Various coatings, including dry lube, oil, clear acrylic, primer and a wide range of opaque coatings, are applied to steel or aluminum strip in order to protect the metal and to provide a value-added benefit to consumers.  These coatings can complicate strip temperature measurement by greatly influencing the emissivity of the surface of the strip.  For an infrared thermometer, coatings generally fall into one of three categories: those thick enough to be opaque, those thin enough to be transparent, and those in between that are translucent.


  • Reduced sensitivity to changes in coating thickness and color.
  • Improved product properties.

The measurement becomes simple when the coating is thick enough to be highly opaque.  Most coatings are most opaque, least reflective, and have the highest emissivity value when measured using a sensor filtered in the 7.9 micron range (although a few coatings are more opaque at 3.43 microns).  In general, a coating must be at least 0.6 mils / 14 microns thick in order to be opaque at this wavelength.  This is a very thick coating by modern standards, but whenever the coatings are thick enough to be opaque, the model 48 (7.9 microns) or model 43 (3.43 microns), provides the best results.


Because these sensors operate at a wavelength where the coating is highly opaque and non-reflective, these sensors eliminate the emissivity variation associated with changes in substrate material or with coating thickness.  While most color changes have a very small impact on the sensor accuracy, some colors that use highly reflective pigmentation additives may have a lower emissivity value.


  Technical Features

  • Optimized Wavelength to minimize sensitivity to product and process variation.
  • Model 48 is filtered to measure thin film plastic coatings.
  • Model 43 is filtered to measure thin oil-or wax-based coatings & laminated films.

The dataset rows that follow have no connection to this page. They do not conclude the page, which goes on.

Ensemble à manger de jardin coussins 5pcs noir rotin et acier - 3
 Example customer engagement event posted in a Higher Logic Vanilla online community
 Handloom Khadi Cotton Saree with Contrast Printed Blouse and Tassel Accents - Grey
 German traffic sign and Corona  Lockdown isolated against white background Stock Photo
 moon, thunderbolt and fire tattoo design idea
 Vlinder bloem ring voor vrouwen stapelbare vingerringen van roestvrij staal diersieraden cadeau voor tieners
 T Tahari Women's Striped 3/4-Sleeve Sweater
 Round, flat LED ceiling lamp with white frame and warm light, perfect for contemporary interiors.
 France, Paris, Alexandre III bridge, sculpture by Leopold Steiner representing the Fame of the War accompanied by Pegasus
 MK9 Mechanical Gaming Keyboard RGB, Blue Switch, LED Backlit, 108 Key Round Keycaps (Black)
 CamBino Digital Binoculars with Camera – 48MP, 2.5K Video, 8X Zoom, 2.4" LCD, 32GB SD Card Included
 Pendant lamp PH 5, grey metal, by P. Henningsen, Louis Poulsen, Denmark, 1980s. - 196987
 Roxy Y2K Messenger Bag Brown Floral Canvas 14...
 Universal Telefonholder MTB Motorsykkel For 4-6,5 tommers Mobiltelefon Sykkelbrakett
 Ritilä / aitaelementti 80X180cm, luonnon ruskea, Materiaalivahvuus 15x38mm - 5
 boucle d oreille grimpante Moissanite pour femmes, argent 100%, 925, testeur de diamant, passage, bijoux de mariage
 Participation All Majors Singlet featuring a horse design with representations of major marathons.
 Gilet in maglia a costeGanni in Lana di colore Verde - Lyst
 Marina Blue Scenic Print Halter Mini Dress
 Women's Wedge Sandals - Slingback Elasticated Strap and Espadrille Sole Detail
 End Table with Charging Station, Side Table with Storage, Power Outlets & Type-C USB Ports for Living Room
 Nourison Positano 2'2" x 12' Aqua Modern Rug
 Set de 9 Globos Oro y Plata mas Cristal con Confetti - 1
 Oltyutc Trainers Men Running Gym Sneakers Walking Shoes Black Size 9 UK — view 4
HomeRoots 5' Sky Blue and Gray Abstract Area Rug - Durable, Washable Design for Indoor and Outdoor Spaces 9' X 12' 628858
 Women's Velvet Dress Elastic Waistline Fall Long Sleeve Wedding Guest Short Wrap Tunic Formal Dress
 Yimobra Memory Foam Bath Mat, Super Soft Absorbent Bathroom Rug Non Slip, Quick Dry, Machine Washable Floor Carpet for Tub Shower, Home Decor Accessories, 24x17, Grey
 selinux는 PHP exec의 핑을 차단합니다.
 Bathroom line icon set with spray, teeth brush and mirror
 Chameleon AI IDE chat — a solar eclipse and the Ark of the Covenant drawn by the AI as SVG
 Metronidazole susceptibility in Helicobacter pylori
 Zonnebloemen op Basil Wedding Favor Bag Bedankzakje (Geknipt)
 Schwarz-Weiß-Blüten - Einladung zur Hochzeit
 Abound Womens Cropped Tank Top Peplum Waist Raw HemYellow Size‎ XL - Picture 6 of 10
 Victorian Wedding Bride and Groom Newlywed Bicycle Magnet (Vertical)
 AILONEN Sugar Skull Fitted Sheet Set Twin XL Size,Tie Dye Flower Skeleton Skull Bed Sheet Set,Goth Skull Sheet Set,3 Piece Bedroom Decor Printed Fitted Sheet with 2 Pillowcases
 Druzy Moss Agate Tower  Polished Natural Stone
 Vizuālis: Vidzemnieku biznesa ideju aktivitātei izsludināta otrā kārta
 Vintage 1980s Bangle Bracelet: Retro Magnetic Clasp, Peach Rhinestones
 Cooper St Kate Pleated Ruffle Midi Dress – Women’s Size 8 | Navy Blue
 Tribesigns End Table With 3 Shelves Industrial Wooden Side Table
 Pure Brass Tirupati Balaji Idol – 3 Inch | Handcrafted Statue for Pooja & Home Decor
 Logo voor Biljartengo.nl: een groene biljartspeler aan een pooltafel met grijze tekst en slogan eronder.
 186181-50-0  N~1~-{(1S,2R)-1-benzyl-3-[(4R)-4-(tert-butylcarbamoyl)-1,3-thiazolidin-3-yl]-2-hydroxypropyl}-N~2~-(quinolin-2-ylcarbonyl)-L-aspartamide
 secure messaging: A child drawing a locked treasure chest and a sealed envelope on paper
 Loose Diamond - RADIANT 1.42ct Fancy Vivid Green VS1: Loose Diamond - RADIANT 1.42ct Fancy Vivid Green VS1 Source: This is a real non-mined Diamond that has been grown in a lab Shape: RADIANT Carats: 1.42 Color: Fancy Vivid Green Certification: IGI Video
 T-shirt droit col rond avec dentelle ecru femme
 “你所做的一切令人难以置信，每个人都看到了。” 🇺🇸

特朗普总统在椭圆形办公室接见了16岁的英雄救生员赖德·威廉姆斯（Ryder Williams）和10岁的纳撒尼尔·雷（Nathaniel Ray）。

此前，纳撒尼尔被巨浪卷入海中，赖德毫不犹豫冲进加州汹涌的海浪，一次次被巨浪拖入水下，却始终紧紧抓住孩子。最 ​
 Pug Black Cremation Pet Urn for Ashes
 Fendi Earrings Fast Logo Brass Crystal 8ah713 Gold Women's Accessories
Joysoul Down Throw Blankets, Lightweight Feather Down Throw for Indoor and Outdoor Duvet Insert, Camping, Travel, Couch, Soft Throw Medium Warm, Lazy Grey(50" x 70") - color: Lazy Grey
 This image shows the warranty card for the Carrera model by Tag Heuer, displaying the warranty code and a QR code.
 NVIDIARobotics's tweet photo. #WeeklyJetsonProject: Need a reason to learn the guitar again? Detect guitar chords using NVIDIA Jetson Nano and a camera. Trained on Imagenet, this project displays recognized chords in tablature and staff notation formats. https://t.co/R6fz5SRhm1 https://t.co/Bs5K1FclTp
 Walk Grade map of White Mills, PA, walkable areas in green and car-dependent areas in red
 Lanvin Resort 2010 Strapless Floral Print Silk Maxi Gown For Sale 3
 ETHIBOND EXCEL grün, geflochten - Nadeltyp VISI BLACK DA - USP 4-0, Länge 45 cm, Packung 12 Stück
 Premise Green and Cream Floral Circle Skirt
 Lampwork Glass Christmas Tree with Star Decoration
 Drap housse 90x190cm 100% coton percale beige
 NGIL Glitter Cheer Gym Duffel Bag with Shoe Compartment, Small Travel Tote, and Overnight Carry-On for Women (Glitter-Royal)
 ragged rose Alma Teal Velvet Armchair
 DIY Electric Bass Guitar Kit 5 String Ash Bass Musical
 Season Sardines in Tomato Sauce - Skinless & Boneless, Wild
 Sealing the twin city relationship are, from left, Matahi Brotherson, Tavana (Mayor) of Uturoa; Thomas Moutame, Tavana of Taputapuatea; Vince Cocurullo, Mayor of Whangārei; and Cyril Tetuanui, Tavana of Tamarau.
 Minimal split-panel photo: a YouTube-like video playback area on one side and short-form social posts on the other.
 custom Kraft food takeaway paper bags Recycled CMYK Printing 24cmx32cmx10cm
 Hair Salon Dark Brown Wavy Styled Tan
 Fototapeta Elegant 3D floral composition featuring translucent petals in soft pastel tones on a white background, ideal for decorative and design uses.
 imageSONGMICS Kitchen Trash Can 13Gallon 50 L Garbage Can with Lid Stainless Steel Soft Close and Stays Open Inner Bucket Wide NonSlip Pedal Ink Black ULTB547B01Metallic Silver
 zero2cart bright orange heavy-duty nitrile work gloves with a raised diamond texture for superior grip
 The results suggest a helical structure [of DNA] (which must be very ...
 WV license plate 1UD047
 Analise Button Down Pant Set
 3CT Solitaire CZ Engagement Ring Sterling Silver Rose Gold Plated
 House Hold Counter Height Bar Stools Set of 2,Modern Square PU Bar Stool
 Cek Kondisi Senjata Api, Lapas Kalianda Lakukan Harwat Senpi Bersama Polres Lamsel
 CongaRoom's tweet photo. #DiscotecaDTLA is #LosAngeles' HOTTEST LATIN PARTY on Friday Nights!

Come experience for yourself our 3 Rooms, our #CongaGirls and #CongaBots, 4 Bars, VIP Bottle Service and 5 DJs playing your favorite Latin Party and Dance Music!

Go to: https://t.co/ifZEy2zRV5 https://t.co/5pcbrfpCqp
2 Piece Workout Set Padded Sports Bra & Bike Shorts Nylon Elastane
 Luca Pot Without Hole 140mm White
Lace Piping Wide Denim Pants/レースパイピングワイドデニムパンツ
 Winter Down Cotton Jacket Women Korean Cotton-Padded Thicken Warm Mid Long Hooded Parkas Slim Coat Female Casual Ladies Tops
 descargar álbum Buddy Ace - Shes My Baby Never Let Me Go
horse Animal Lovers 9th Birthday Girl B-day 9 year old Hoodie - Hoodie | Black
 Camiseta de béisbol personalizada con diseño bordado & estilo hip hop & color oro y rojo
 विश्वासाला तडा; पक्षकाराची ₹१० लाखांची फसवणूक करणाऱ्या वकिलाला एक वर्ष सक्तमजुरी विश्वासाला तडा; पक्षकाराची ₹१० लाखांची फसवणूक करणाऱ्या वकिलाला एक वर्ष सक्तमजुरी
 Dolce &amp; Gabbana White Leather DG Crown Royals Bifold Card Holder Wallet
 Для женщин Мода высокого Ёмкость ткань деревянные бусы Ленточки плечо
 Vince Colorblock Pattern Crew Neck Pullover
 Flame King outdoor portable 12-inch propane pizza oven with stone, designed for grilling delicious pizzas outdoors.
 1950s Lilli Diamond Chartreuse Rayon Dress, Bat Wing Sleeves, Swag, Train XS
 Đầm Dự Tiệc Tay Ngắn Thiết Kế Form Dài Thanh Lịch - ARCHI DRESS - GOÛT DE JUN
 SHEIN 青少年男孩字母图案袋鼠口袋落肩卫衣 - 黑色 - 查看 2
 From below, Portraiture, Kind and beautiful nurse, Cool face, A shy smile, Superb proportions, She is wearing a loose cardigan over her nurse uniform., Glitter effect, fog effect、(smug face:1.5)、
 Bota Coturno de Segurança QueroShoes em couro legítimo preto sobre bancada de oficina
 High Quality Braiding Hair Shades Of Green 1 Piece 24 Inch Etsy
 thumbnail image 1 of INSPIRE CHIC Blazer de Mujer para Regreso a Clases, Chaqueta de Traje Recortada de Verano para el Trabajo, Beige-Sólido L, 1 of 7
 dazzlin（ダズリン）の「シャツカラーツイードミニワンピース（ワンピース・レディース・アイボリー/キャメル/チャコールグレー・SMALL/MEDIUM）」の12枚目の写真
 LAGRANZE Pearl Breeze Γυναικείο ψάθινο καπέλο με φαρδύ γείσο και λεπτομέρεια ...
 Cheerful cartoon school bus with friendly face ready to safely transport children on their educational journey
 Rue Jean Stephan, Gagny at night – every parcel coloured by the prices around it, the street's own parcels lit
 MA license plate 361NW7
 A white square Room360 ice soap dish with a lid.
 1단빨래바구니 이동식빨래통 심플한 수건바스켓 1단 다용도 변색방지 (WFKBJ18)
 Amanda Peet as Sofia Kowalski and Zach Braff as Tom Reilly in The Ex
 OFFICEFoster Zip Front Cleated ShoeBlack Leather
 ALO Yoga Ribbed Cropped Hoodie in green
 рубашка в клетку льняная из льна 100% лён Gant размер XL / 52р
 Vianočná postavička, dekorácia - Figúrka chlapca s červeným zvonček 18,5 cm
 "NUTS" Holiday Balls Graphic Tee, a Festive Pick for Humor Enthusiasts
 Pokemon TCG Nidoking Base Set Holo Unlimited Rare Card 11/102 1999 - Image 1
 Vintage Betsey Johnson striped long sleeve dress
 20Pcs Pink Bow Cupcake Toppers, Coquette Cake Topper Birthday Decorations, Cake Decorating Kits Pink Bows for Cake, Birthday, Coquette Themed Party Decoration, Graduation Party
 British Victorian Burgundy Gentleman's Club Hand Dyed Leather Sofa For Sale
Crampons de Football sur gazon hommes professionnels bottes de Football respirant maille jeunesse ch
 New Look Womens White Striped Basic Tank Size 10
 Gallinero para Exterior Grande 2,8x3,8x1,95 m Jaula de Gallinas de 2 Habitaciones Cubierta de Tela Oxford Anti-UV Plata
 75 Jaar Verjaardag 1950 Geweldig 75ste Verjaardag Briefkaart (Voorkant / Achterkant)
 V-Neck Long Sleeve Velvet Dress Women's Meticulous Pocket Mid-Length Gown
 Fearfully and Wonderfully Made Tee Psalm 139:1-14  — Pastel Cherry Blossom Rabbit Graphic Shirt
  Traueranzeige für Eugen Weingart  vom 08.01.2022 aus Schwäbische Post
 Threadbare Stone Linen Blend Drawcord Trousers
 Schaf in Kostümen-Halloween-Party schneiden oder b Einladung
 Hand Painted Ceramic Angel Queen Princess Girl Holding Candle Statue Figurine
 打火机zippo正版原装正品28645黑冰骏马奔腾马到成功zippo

The Williamson sensors utilize the narrowest 7.9 and 3.43 micron filters in the industry. The use of a narrowband filter allows the Williamson sensors to measure thin films that are as much as ten times thinner than competitive brands.  Therefore, when using a Williamson brand infrared thermometer the emissivity variation from one color to the next, or from the thickest to the thinnest coating is minimized, and changes in substrate material from cold band to hot band to zinc-coated to aluminum have no impact on the sensor reading.